● What is required: When you reach the line containing "Bench Bench Men's", repeat that line and each one after it exactly until the records end, leaving out pictures.

*** Block opens ***

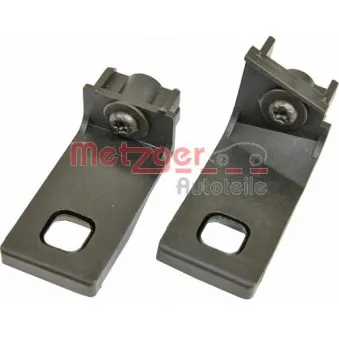Cuvelage, projecteur principal METZGER 2318001
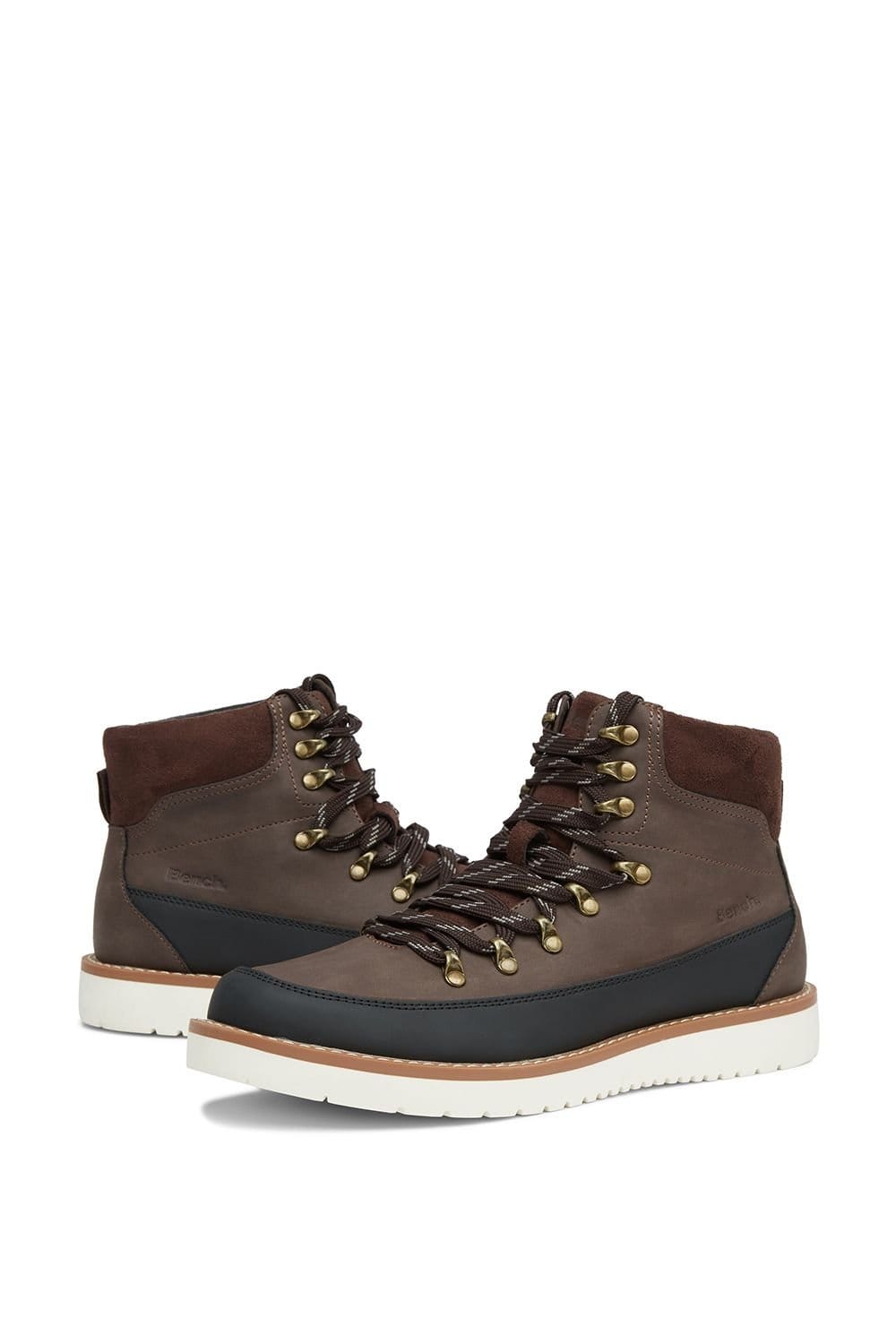 Bench Bench Men's 'Chorlton' Ankle Boot in Brown - 4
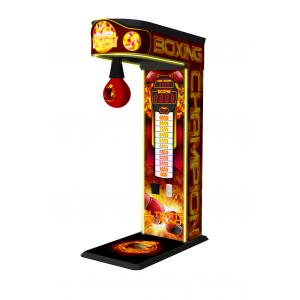 China Electronic Boxing Sports Arcade Machine For Indoor Entertainment supplier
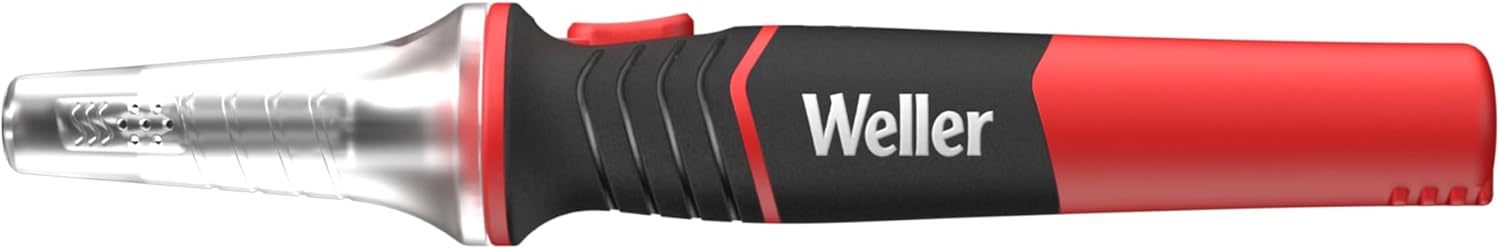 Weller 12W Cordless Rechargeable Soldering Iron,Lithium-Ion Battery Powered - WLBRK12N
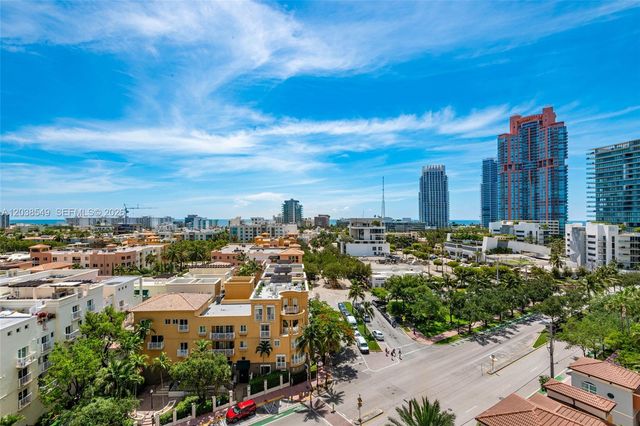 90 Alton Road 1109, Miami Beach, FL 33139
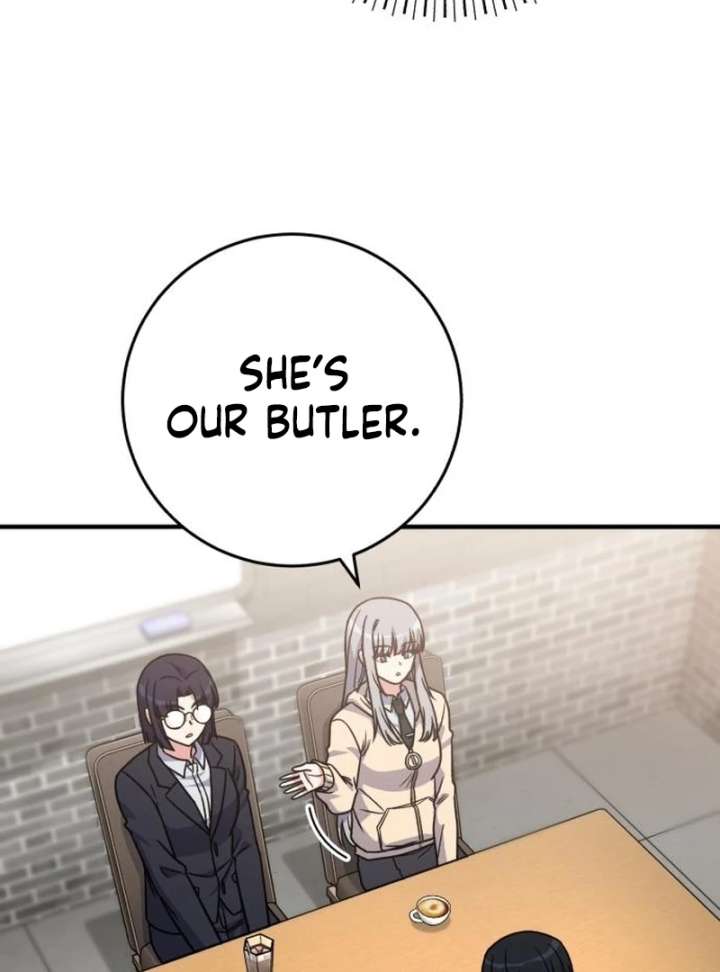 The Support Ate it All Chapter 32 - Page 105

*** Block closes ***

● Response area:
 Bench Bench Men's 'Chorlton' Ankle Boot in Brown - 4
 China Electronic Boxing Sports Arcade Machine For Indoor Entertainment supplier
 Weller 12W Cordless Rechargeable Soldering Iron,Lithium-Ion Battery Powered - WLBRK12N
 90 Alton Road 1109, Miami Beach, FL 33139
 The Support Ate it All Chapter 32 - Page 105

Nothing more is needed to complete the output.